A hard film to pull off. The ABC’s of Death 2 asks 26 mostly unknown directors to make a short (2 to 6 minute) film based upon a word beginning with a letter of the alphabet allotted to them. Twenty six directors. Twenty six stories in two hours. Of course the results are patchy.
Many are dialogue free. Some are gory and graphic. Others more subtle. Some are blunt and direct, others flirt with the primary conceit of the premise. A couple use the creative conundrum that the constraints of the project parameters necessitate as fodder for their short. Three (!) have toilets as central characters in their tales…
There is claymation, cartons, slow motion and farce.
A scene focussing on a dog fight is clever and creative. A Nazi cat dealing with a British bulldog in a cabaret style show is as strange as that description suggests it will be. One story seems very reminiscent of the underrated Triangle horror film from a few years ago, and, while it seems cliched to even point out, the Japanese ones are by far the consistently weird and wilfully depraved of all.
This is the cinematic equivalent of the ‘elevator pitch’, five minutes to make an impact and be remembered. The problem is when you’re but one of 26 all taking a turn in a line, even the best pitches risk being quickly forgotten.
Final Rating – 6 / 10. You watch 26 stories, you remember maybe 5.
26 films across less than two hours. This film was always going to get a 6.5 ‘had its moments’…

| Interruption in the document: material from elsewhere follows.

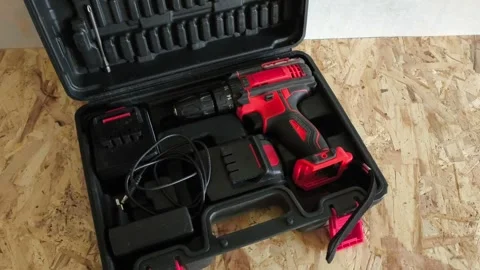 Open tool case with power drill on table in garage, workshop. Electric tools for Stock Footage 322893585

The films are some combination of;
Arty.
Brief.
Creepy.
Degrading.
Eccentric.
Funny.
Gory.
Half-baked.
Ironic.
Juvenile.
Kinetic.
Lazy.
Macabre.
Nihilistic.
Oddball.
Psychedelic.
Queer.
Revelatory.
Silly.
Tacky.
Unsettling.
Vile.
Wordless.
X… *
Yawn-inspiring.
Zombiriffic.
* Let’s say the x was xylophone. It’s always xylophone…
Not surprisingly given the demands of a compressed time frame and no doubt a near zero budget, the weirder efforts pack the most punch. Although the there is nothing unforgettable or indelible among the 26 snippets. Not even one that says “just YouTube this one.”
And yet the closing credits warn us to prep for a third edition. Perhaps the directors see this as a paid audition of sorts, but this is one time where I wished the alphabet had a few less letters.
Final Rating – 6.5 / 10. A horror gumbo that forgets that some of the primary ingredients to any effective scare are ‘build up’, ‘patience’ and ‘earning attention’. This is horror for the attention deficit crowd… (which is probably actually accurate).